A quién tiene una aparición le llamamos
vidente. Pero para conocer la naturaleza de la visión tenemos que saber qué ve
y cómo lo ve. Se puede ver algo que tiene una realidad física, pero también
pueden verse cosas con otro tipo de visión, como puede hacerlo la fantasía o la
imaginación sin que tenga una presencia física. También puede ser la toma de conciencia de algo existente
que hasta ese momento estaba oculto al vidente. ¿Es esto lo que ocurrió con los
discípulos y con Pablo posteriormente? Pienso que ni fue una visión física —con
los ojos de la cara— ni fue efecto de la fantasía o la imaginación. Ellos, por
la acción del Espíritu, tomaron conciencia y sintieron su Presencia y la
vivieron. Esto no era una invención, pero la presencia sola es ciega, puede
interpretarse de muchas maneras y vivirse de muchas más, pero a la Presencia se
unió el recuerdo, la Memoria que le dio cuerpo desde las experiencias que
habían vivido con Él.
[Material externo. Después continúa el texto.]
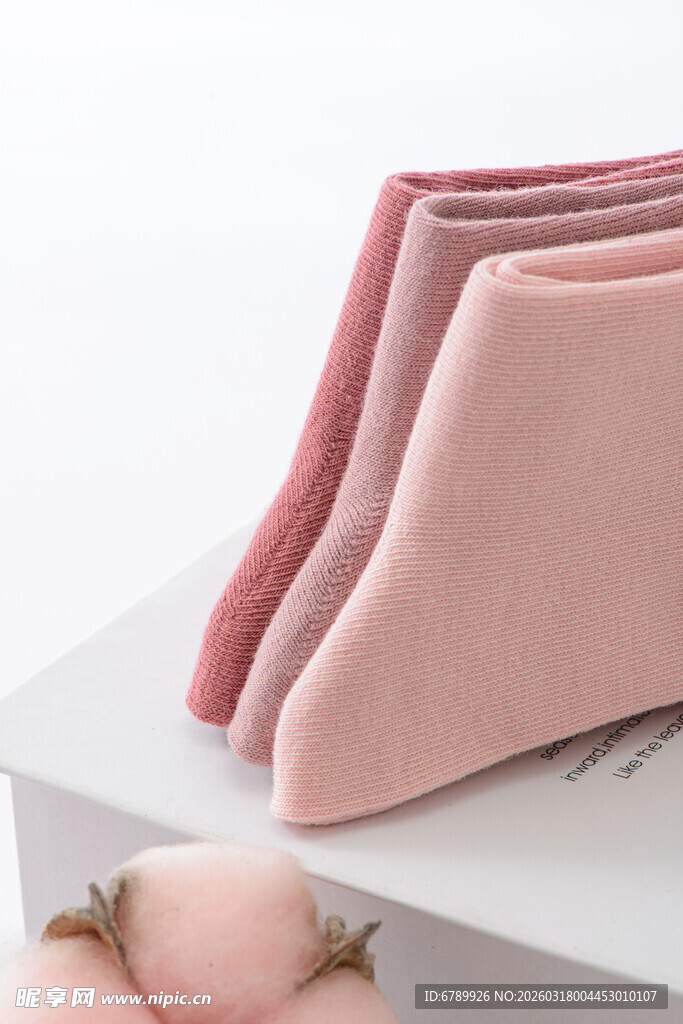 粉色短袜堆叠展示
Esto impidió, con la ayuda del Espíritu, que esa
Presencia sin corporeidad alguna pudiera diluirse o mal interpretarse. Fue la
Memoria la que se lleno con la Presencia e impidió que ésta pudiera quedar en
un sentimiento vacío. Esto les permitió no sólo reconocer el estado glorioso
del crucificado sino también fundar autorizadamente la misión que ahora ellos
tenían que emprender.
Memoria y Presencia les permitieron tomar
conciencia de que Dios no le había abandonado. Siempre había estado con Él y,
en el momento de la cruz, también. No podía ser de otra manera. Dios es creador
y esto significa no sólo que ha lanzado una vida a la existencia, sino que la
ha sostenido, y la ha hecho crecer hasta lograr su plenitud; hasta el punto de
que no hay ser ni instante de ser, ni producción de ser que no sea creado por
Dios. Esto ha ocurrido también en Jesús desde su concepción hasta su muerte.
Esta vida creada, sostenida y plenificada por Dios, poseída plenamente pues no “tenía
vida” sino que era la “Vida”, es de tal calidad que, ya en su existencia
histórica, está por encima de la muerte y, consiguientemente, su muerte
biológica no puede destruirla. Tomando conciencia de esta realidad ‑que había
puesto de manifiesto en la resurrección de Lázaro ‑ vieron también con claridad
una continuidad entre lo que fue su vida histórica y lo que era su vida
gloriosa. La resurrección la mostraba de otra manera pero era la misma vida
porque era Él la resurrección y la vida. Era el mismo, aunque ya sin las
limitaciones que la existencia histórica y la finitud de su condición humana
aquí le había impuesto. Esta toma de conciencia se volvió como un foco poderoso
hacia atrás, hacia toda la existencia histórica de Jesús. El recuerdo se
iluminó esplendorosamente y todo su vivir aquí, sus acciones, sus gestos, sus
expresiones, su doctrina, todo lo suyo, que era verdaderamente humano, aparecía
penetrado por la acción del Padre hechos vida en el Hijo y todo fue rescatado
en la Memoria, continuando en la actualidad e impidiendo que fuera reducido a
mero recuerdo. Todo se volvió actual, todo era Presencia no pasado, porque todo
fue manifestación de la Vida que era Él y esa vida es necesariamente eterna.